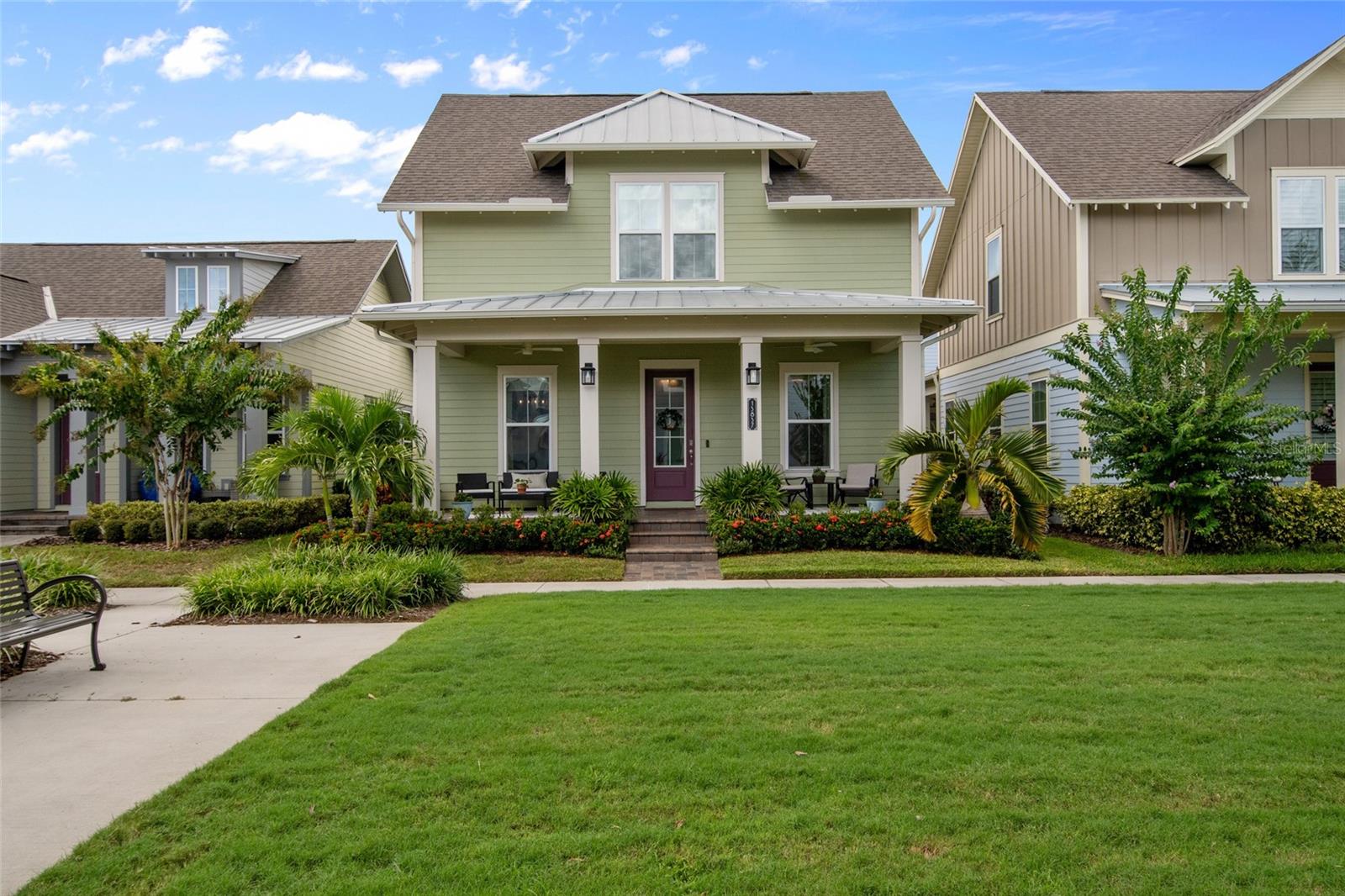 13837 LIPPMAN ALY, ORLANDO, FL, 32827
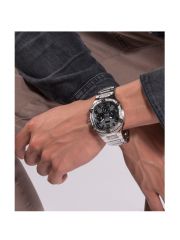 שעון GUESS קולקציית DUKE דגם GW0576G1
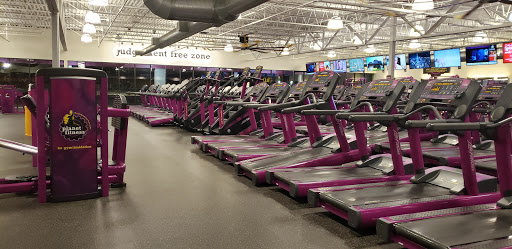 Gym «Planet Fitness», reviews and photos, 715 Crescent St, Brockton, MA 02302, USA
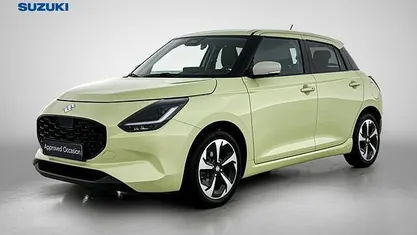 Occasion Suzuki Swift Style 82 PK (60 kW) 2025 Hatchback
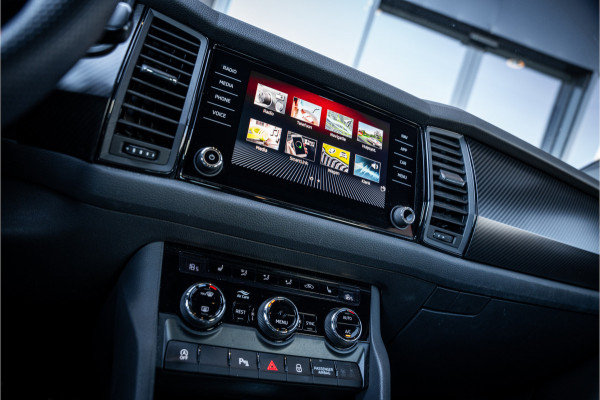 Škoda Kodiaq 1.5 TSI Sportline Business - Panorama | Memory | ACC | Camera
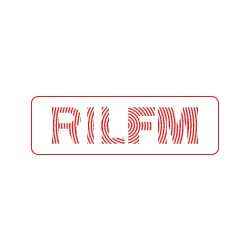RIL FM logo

...

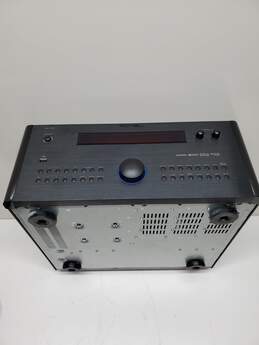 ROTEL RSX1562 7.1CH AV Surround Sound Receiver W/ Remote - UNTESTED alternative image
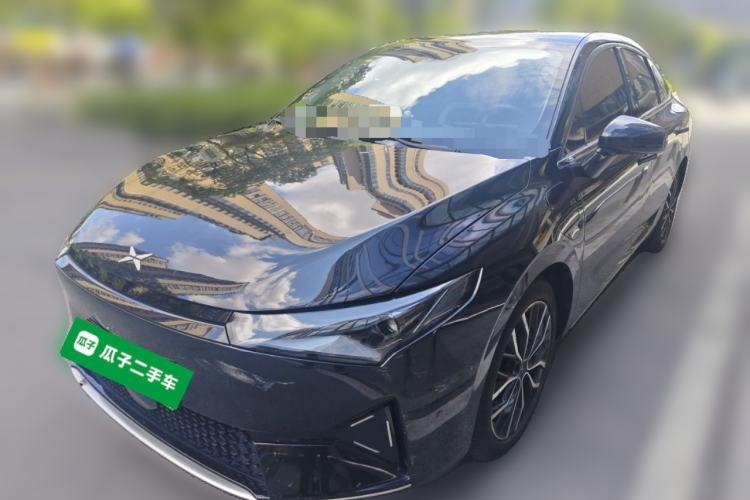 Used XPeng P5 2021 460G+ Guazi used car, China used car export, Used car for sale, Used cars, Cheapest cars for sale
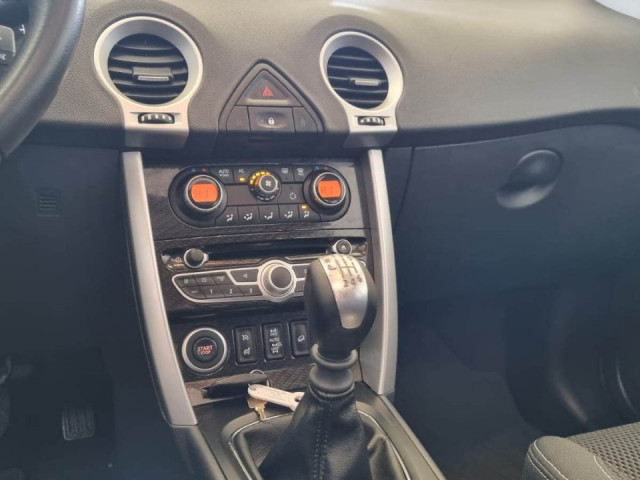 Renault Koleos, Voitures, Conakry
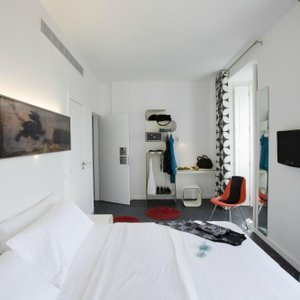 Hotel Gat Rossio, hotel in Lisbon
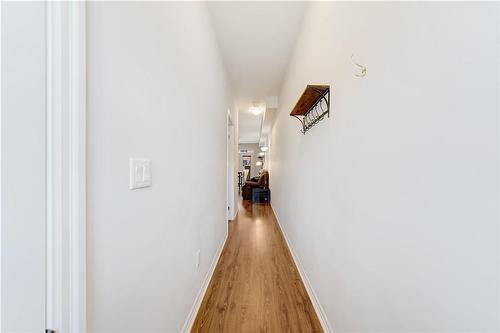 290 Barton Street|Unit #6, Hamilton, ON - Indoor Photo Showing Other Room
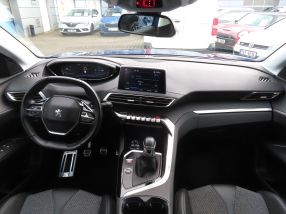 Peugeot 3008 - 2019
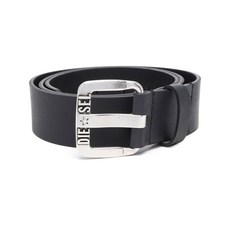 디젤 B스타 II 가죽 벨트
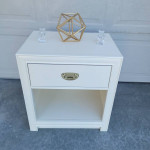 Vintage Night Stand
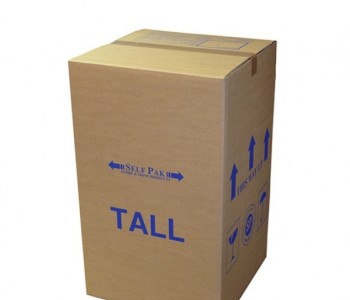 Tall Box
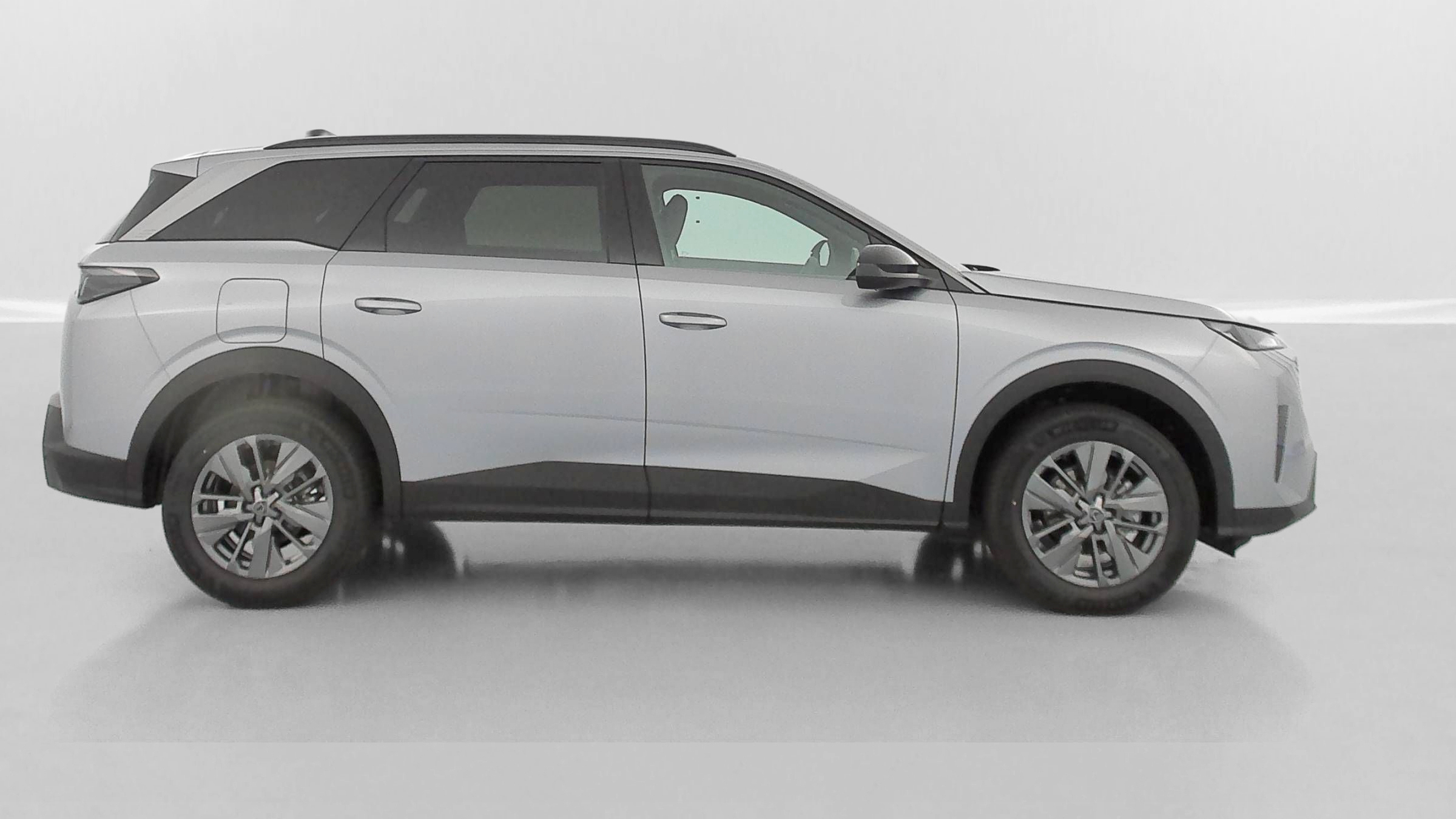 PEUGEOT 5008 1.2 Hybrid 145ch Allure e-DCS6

WORK ITEM
Please copy the lines above exactly, starting at the line that holds "ROTEL RSX1562 7.1CH" and ending at the line that holds "PEUGEOT 5008 1.2 Hybrid 145ch Allure e-DCS6"; include both, but no pictures.

RESULT OF THIS TASK
 ROTEL RSX1562 7.1CH AV Surround Sound Receiver W/ Remote - UNTESTED alternative image
 Used XPeng P5 2021 460G+ Guazi used car, China used car export, Used car for sale, Used cars, Cheapest cars for sale
 Renault Koleos, Voitures, Conakry
 Hotel Gat Rossio, hotel in Lisbon
 290 Barton Street|Unit #6, Hamilton, ON - Indoor Photo Showing Other Room
 Peugeot 3008 - 2019
 디젤 B스타 II 가죽 벨트
 Vintage Night Stand
 Tall Box
 PEUGEOT 5008 1.2 Hybrid 145ch Allure e-DCS6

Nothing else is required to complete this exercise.